2015 Omani general election
- All 85 seats in the Consultative Assembly
- Turnout: 56.66% (▼19.98pp)
- This lists parties that won seats. See the complete results below.
| Party |  | Vote % | Seats | +/– |
|  | Independents | 100 | 85 | +1 |
| Chairman of the Consultative Assembly before | Chairman of the Consultative Assembly after |
| Khalid Al Mawali Independent | Khalid Al Mawali Independent |

= 2015 Omani general election =

General elections for the Consultative Assembly were held in Oman on 25 October 2015.

==Background==
After a series of protests, the competences of the Consultative Assembly were widened in 2011, giving members the possibility to propose and review laws.

==Electoral system==
The 85 members of the Consultative Assembly were elected from 61 constituencies; 24 with two seats and 37 with one. No political parties were allowed to enter the election. In the case of a tie between candidates, the candidates would need to appear before the organising committee for a decision to be made. There were 611,906 registered voters, and electronic voting devices were used for those who had activated the system. Polling stations were open from 07:00 until 19:00 and voters received full paid leave in order to cast their votes.

==Campaign==
Nominations for candidates were required to be submitted by 4 February 2015, and candidacies could be withdrawn until 25 August. Hopes were voiced for a higher representation of women in the Assembly, despite the number of female candidates being roughly half of that for the 2011 elections, in which only one woman was elected.

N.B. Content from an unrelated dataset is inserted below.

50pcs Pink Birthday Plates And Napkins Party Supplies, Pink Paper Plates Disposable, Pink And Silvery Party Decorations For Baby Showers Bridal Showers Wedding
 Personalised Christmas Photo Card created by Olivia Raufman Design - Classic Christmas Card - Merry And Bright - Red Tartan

Although 674 candidates initially registered to run for the 85 seats (21 (3.1%) of which were women), the total number of candidates was later given as 590, with 20 women running. The campaigning process was closely watched by authorities, who warned candidates of harsh sanctions if they attempted to buy votes. Candidates used social media as an enhancement to conventional campaigning measures such as election posters.

==Results==
Long queues formed in front of voting stations from early in the morning with the final voter turnout being 56.66%. A complete list of winners was released by the Minister of Interior late on Sunday evening. As in 2011, one woman was elected into the Assembly with Nemah bint Jamiel bin Farhan al-Busaidiya re-elected in the Seeb district of Muscat Governorate. Reactions to the election were positive with Khalid bin Hilal bin Saud al-Busaidi, chairman of the Main Election Committee, saying that voting went "smoothly without any hindrances".